As one of his first decisions, Ken Salazar, the Coloradan who is President Obama’s interior secretary, scrapped a series of disputed leases in Utah. Last week, he announced that he would seek an investigation into other leases that granted favorable terms and low royalty rates for experimental projects to extract oil from shale.
But so far, Mr. Salazar has decided against canceling leases on the Roan, saying that he must uphold the buyers’ rights.
Sporting and environmental groups are suing the government in federal court, demanding that the leases be thrown out, and a preliminary ruling is expected this fall.
Opponents fear that development on top of the Roan Plateau will despoil it, leading to air and water pollution and disruption of wildlife.
In the Bush administration’s leasing program, those potential impacts were not taken fully into consideration, contends Michael Freeman, a lawyer with Earthjustice, which filed the suit calling for the cancellation of the Roan leases.
Mediation in the case is scheduled for Nov. 6. The groups suing the government are asking a judge to revoke the leases. That would not necessarily put the Roan off limits to future development, but it might require a fresh assessment of the environmental risks.
Colorado blogger Club Twitty adds to the discussion at Colorado Pols:
[T]he Bush administration was offering its final gifts to its oil and gas patrons, it leased offed every inch of public land in the Roan Plateau Planning Area for oil and gas drilling, in spite of have received over 15,000 protests on the lease sale (a record), and against overwhelming public and local community opposition.
Prior to the lease sale, parroting Greg Schnake, Sen. Penry predicted $2 billion in leasing revenue. The actual sale price was about 1/10th of that, for which Sen.
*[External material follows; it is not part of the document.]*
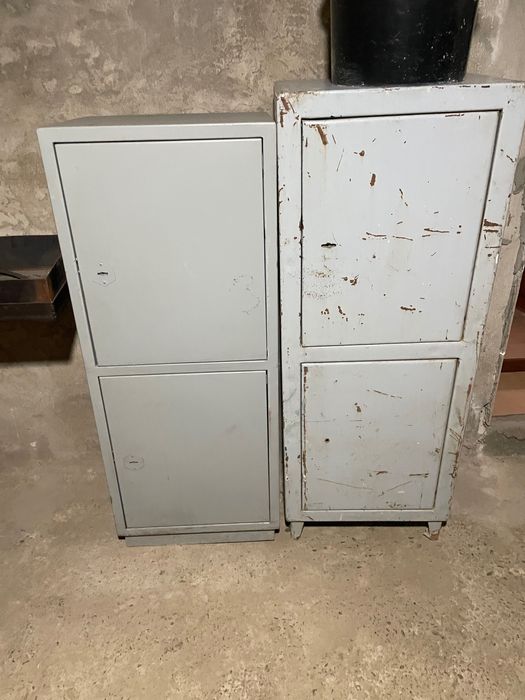 Сейф seyf б/у два сейфа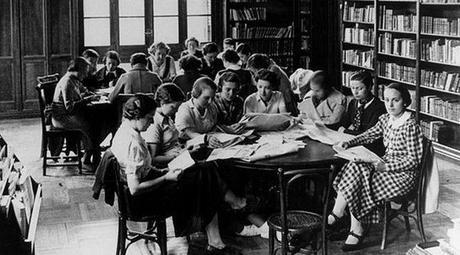 ‘Las maestras de la República’, documental de clase de historia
Penry promptly blamed the local communities and conservationists that wanted these spectacular hunting, fishing, and recreation lands preserved for public, rather than industrial, use.
Ten sportsmen, hunting, and conservation groups filed suit claiming that the Bureau of Land Management had failed in its obligation to adequately analyze the impacts of its actions.
The BLM (under the Bush administration) considered the impacts of about 200 wells that it claimed was the reasonable amount of foreseeable development over the next twenty years.
Bill Barret Corporation, upon buying the leases from the venture capital firm Vantage Energy, immediately announced its intention to drill more than 3,000 wells in 20 years, more than 15X the numbers considered ‘reasonably foreseeable’ (upon which all its environmental analysis was based) by Bush’s BLM.
Having touted the BLM’s plan as “well-crafted” and “the strictest ever in terms of environmental protections” Sen. Penry and his oil and gas paymasters have been strangely silent since BBC’s intentions were made public.